3. Introduction to gradients and automatic differentiation

3. Introduction to gradients and automatic differentiation

2022. 3. 12. 13:48ㆍTool/TensorFlow

In this guide, you will explore ways to compute gradients with TensorFlow especially in eager execution.

import numpy as np

import matplotlib.pyplot as plt
import tensorflow as tf

Computing gradients

To differentiate automatically, TensorFlow needs to remember what operations happen in what order during the forward pass. Then, during the backward pass, TensorFlow traverses this list of operations in reverse order to compute gradients.

Gradient tapes

TensorFlow provides the tf.GradientTape API for automatic differentiation; that is, computing the gradient of a computation with respect to some inputs, usually tf.Variables. TensorFlow "records" relevant opreations executed inside the context of a tf.GradientTape onto a "tape". TensorFlow then uses that tape to compute the gradients of a "recorded" computation.

w = tf.Variable(tf.random.normal((3, 2)), name='w')
b = tf.Variable(tf.zeros(2, dtype=tf.float32), name='b')
x = tf.constant([[1.0, 2.0, 3.0]])

with tf.GradientTape(persistent=True) as tape:
    y = x @ w + b
    loss = tf.reduce_mean(y**2)

Once you've recorded some operations, use GradientTape.gradient(target, sources) to calculate the gradient of some target (often a loss) relative to some source (often the model's variables). The tape is flexible about how sources are passed and will accept any nested combination of lists or dictionaries and return the gradient structured the same way:

# 1. list
[dl_dw, dl_db] = tape.gradient(loss, [w, b])
print("dl/dw: ", dl_dw)
print("dl/db: ", dl_db)
print()
# 2. dictionary
my_vars = {
    'w': w,
    'b': b
}

grad = tape.gradient(loss, my_vars)
print("dl/dw: ", grad['w'])
print("dl/db: ", grad['b'])

dl/dw:  tf.Tensor(
[[2.5721242 1.7501   ]
 [5.1442485 3.5002   ]
 [7.7163725 5.2503   ]], shape=(3, 2), dtype=float32)
dl/db:  tf.Tensor([2.5721242 1.7501   ], shape=(2,), dtype=float32)

dl/dw:  tf.Tensor(
[[2.5721242 1.7501   ]
 [5.1442485 3.5002   ]
 [7.7163725 5.2503   ]], shape=(3, 2), dtype=float32)
dl/db:  tf.Tensor([2.5721242 1.7501   ], shape=(2,), dtype=float32)

Gradients with respect to a model

It's common to collect tf.Variables into a tf.Module or one of its subclasses (layers.Layer, keras.Model) for checkpointing and exporting.

In most cases, you will want to calculate gradients with respect to a model's trainable variables.

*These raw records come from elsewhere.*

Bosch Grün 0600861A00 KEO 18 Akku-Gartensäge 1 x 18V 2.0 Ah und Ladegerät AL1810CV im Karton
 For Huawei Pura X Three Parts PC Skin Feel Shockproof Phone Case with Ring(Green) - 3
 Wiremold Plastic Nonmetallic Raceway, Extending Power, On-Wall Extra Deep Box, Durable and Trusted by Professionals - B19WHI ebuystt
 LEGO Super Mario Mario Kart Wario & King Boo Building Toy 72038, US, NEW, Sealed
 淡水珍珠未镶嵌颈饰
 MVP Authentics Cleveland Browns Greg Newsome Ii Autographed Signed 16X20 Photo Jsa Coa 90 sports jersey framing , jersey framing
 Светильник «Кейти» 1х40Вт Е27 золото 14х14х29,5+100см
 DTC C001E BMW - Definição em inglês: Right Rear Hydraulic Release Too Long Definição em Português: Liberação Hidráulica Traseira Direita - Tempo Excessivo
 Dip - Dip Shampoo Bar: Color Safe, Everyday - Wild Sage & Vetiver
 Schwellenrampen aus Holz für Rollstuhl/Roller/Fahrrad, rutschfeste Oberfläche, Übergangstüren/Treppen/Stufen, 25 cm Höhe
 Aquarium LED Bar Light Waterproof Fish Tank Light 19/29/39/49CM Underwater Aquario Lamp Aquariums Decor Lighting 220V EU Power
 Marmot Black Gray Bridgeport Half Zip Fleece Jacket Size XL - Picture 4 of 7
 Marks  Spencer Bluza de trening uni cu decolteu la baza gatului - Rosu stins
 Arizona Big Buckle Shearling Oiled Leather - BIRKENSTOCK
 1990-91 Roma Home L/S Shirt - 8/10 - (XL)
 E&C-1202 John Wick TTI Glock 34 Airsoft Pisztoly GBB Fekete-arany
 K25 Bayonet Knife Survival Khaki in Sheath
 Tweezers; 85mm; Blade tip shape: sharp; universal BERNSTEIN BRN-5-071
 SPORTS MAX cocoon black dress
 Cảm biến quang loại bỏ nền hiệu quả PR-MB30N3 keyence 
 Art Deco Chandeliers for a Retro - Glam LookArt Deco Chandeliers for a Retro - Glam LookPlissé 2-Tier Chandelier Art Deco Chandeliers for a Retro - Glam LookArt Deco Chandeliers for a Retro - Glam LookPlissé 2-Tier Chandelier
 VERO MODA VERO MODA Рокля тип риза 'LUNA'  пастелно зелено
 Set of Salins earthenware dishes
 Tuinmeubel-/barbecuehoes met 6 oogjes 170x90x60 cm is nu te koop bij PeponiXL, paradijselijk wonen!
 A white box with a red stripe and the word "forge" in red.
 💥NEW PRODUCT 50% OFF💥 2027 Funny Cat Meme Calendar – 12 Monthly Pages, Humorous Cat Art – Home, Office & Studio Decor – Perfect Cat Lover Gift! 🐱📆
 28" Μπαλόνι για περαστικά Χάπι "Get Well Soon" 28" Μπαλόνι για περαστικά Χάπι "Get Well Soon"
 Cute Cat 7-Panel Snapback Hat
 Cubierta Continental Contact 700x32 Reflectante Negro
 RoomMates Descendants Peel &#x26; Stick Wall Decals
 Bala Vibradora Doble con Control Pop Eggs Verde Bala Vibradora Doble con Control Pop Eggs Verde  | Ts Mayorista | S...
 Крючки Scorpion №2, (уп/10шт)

Since all subclasses of tf.Module aggregate their variables in the Module.trainable_variables property. you can calculate these gradients in a few lines of code:

layer = tf.keras.layers.Dense(2, activation='relu')
x = tf.constant([[1.0, 2.0, 3.0]])

with tf.GradientTape() as tape:
    y = layer(x)
    loss = tf.reduce_mean(y**2)

grad = tape.gradient(loss, layer.trainable_variables)

for var, g in zip(layer.trainable_variables, grad):
    print(f"{var.name}, shape: {g.shape}")

dense/kernel:0, shape: (3, 2)
dense/bias:0, shape: (2,)

Controlling what the tape watches

The default behavior is to record all operations after accessing a trainable tf.Variable. The reasons for this are:

The tape needs to know which operations to record in the forward pass o calculate the gradients in the backwards pass
The tape holds references to intermediate outputs, so you don't want to record unnecessary operations
The most common use case involves calculating the gradient of a loss with respect to all a model's trainable variables

tf.GradientTape provides hooks that give the user control over what is or not is watched. To record gradients with respect to a tf.Tensor, you need to call GradientTape.watch(x).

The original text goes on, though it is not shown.